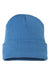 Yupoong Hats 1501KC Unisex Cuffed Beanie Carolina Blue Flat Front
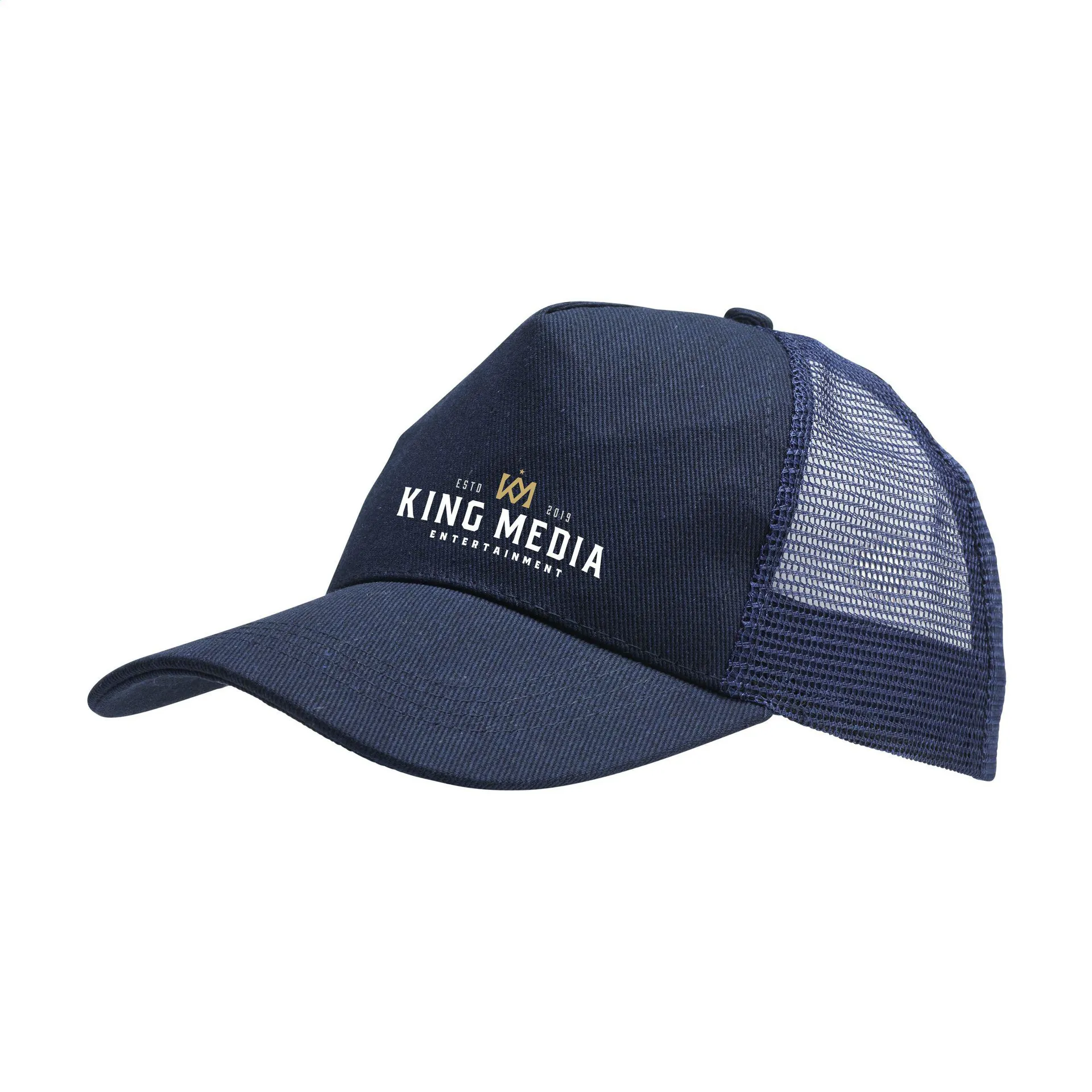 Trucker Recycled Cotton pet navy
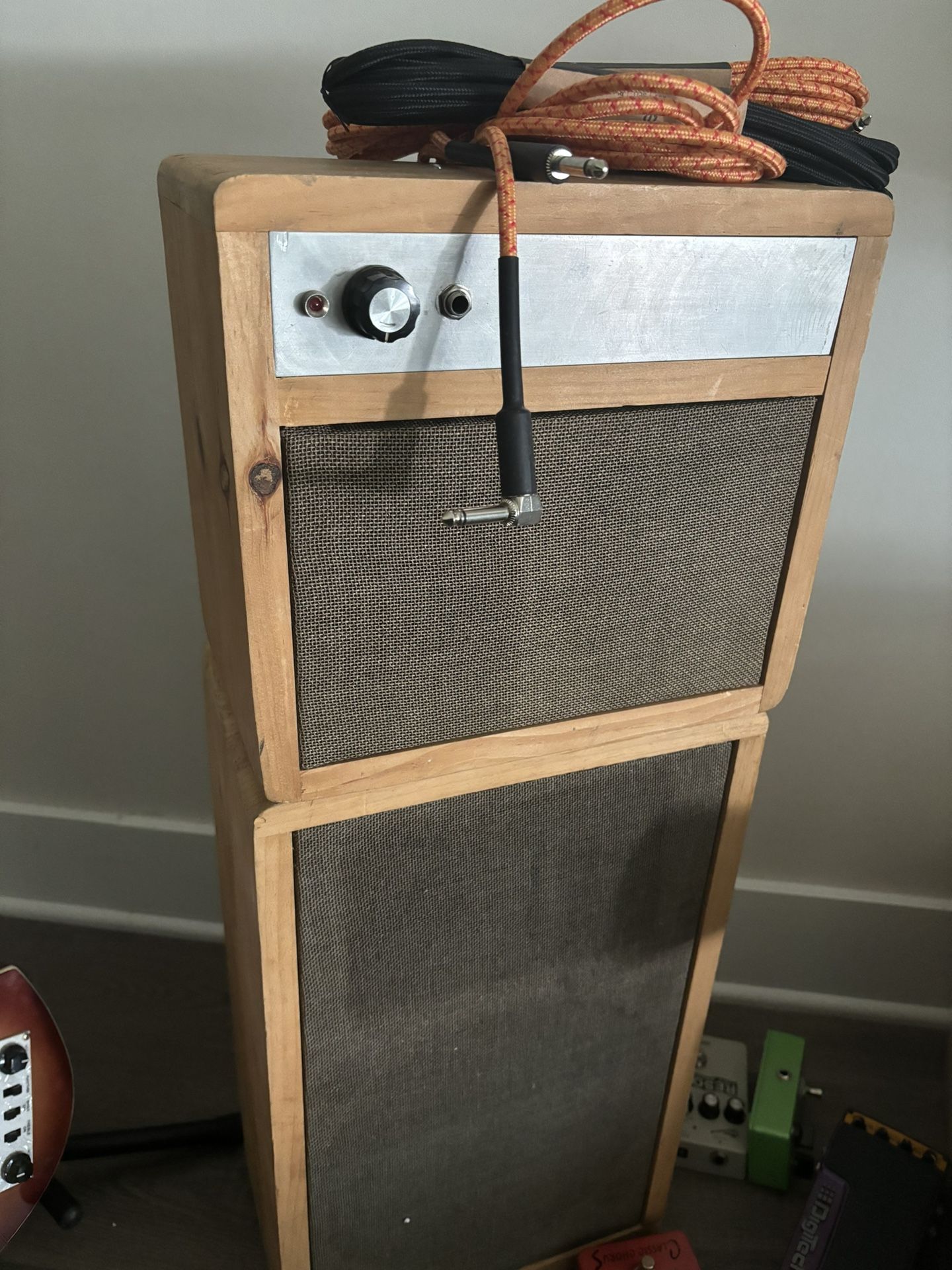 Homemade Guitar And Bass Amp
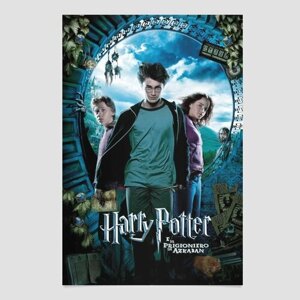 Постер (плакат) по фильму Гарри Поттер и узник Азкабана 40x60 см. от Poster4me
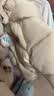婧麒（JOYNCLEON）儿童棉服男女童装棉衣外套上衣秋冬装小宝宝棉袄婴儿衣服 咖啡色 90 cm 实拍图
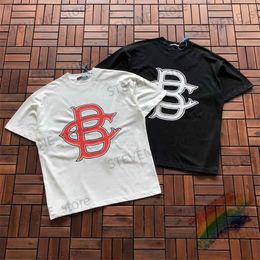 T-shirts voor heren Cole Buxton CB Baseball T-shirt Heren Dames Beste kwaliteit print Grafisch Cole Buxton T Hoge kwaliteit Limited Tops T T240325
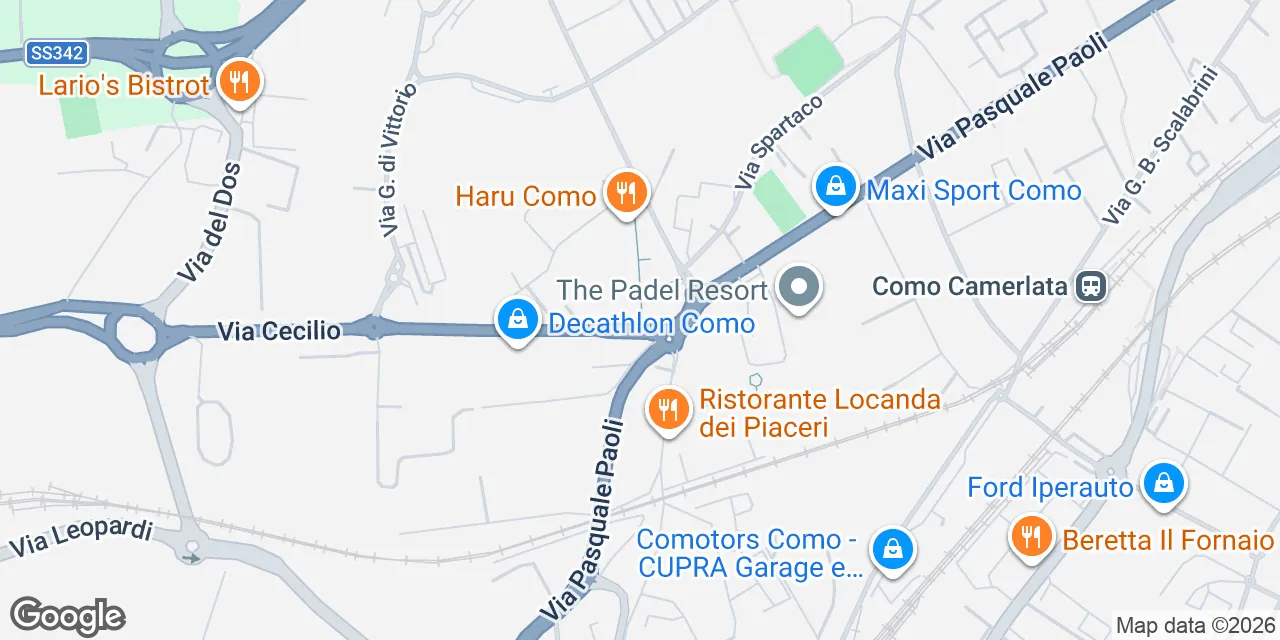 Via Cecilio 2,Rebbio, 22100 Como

▸ **What this task involves**: When you copy the data above, keep each line exact and omit the pictures.

▸ **The completed task**:
 Yupoong Hats 1501KC Unisex Cuffed Beanie Carolina Blue Flat Front
 Trucker Recycled Cotton pet navy
 Homemade Guitar And Bass Amp
 Постер (плакат) по фильму Гарри Поттер и узник Азкабана 40x60 см. от Poster4me
婧麒（JOYNCLEON）儿童棉服男女童装棉衣外套上衣秋冬装小宝宝棉袄婴儿衣服 咖啡色 90 cm 实拍图
 T-shirts voor heren Cole Buxton CB Baseball T-shirt Heren Dames Beste kwaliteit print Grafisch Cole Buxton T Hoge kwaliteit Limited Tops T T240325
 Via Cecilio 2,Rebbio, 22100 Como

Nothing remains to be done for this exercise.